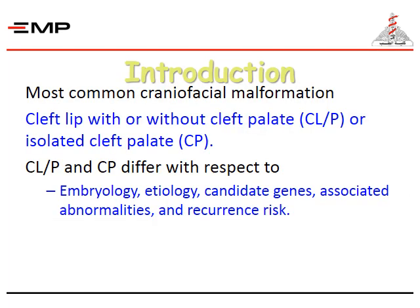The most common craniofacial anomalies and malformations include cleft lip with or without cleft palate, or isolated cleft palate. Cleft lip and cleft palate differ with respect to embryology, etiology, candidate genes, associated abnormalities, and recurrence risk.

...

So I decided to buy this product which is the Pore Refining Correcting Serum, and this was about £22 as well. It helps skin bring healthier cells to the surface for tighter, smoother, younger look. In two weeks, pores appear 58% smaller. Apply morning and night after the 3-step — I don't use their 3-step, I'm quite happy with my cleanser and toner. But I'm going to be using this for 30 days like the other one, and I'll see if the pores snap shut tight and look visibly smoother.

==

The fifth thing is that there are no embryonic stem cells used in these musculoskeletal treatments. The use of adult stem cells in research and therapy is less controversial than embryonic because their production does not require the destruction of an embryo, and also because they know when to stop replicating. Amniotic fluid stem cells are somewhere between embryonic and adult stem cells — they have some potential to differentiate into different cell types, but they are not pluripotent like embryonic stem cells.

• [Work request]
Go through the listing above and state how many of its lines contain "like", with no other words.

• [Result for this task]
2